El duelo entre el Real Madrid y el Benfica por un puesto en los octavos de final de la UEFA Champions League llega con un contexto que favorece claramente al conjunto español. Más allá del resultado de la ida, el equipo portugués afronta la vuelta condicionado por decisiones disciplinarias y sanciones que afectan directamente a dos figuras clave de su estructura deportiva.
La baja más sensible es la del extremo argentino Gianluca Prestianni, protagonista involuntario de la previa tras la investigación abierta por la UEFA por un presunto insulto racista dirigido a Vinícius Jr. en el partido de ida. El organismo europeo ha rechazado el recurso del club lisboeta y mantiene la suspensión provisional, por lo que el jugador no podrá participar en el choque del estadio madrileño.

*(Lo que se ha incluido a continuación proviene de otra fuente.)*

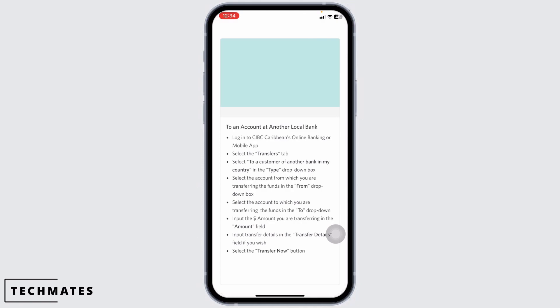If you have never made a transfer using Interact eTransfer before with CIBC, you can add a new recipient, use their phone number or email address, give them a name and they will appear under your list of recipients.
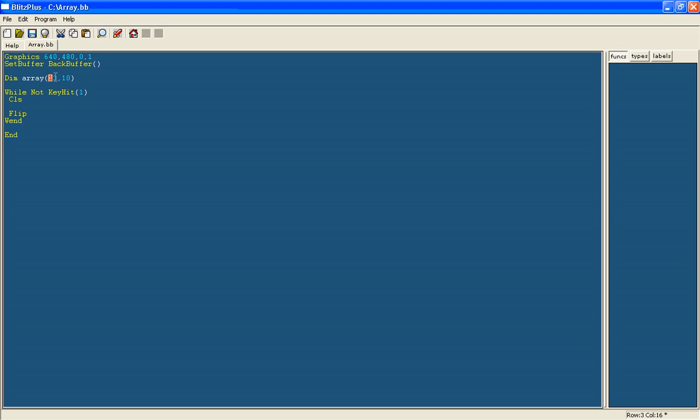So in total there will be 130 different values and we are going to set them up as the different tiles. So we're going to have 13 different tiles across and 10 tiles down and we're going to have for this example I'll just use three different tiles.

Prestianni, fuera tras la decisión definitiva de UEFA
El atacante argentino viajó a Madrid junto a la expedición del Benfica con la esperanza de que prosperara el recurso presentado por la entidad portuguesa. Sin embargo, la resolución del Comité de Control, Ética y Disciplina ha ratificado la medida cautelar inicial. Su presencia será únicamente testimonial: no entrará en la convocatoria ni podrá vestirse de corto.
Mourinho y Prestianni, en el entrenamiento del Benfica en el Bernabéu / SD
Esta decisión supone un golpe deportivo considerable para el equipo luso, ya que Prestianni es uno de los futbolistas con mayor capacidad de desequilibrio en el uno contra uno y había generado peligro en el encuentro de ida. Además, el procedimiento disciplinario continúa abierto, lo que mantiene la polémica viva alrededor del enfrentamiento europeo.
Mourinho tampoco estará en el banquillo del Bernabéu
La segunda ausencia relevante afecta al banquillo. El técnico portugués José Mourinho tampoco podrá dirigir al equipo desde la zona técnica tras haber sido expulsado por doble tarjeta. El entrenador regresará al que fue su estadio, el Santiago Bernabéu, pero lo hará desde una cabina privada y sin contacto directo con su cuerpo técnico durante el encuentro.

Vinicius Júnior habla con el técnico del Benfica, José Mourinho, ene l partido entre el Benfica y el Real Madrid / Pedro Rocha / AP
El componente emocional del regreso de Mourinho añade un matiz especial al choque, aunque desde el punto de vista competitivo supone otra desventaja para el Benfica. La ausencia de liderazgo directo desde el banquillo en un partido de máxima exigencia europea puede resultar determinante en momentos clave.
Un escenario favorable para el Real Madrid en un duelo de máxima tensión
Con el rival sin uno de sus jugadores más determinantes y sin su entrenador en la banda, el Real Madrid afronta el partido con un escenario objetivamente más favorable. No obstante, el contexto también incrementa la tensión ambiental, ya que la polémica disciplinaria y el foco mediático elevan la presión sobre ambos equipos.

Álvaro Arbeloa, este sábado, en el banquillo de El Sadar. / Miguel Oses / AP
Para el conjunto blanco, la prioridad será imponer su ritmo y aprovechar la ventaja psicológica que pueden generar las circunstancias externas del rival. Para el Benfica, en cambio, el reto pasa por sobreponerse a las bajas y competir en un entorno hostil para mantener vivo el sueño europeo.
El balón dictará sentencia, pero antes de empezar el encuentro ya existe una realidad clara: las ausencias pesan, y en una eliminatoria de Champions pueden marcar la diferencia.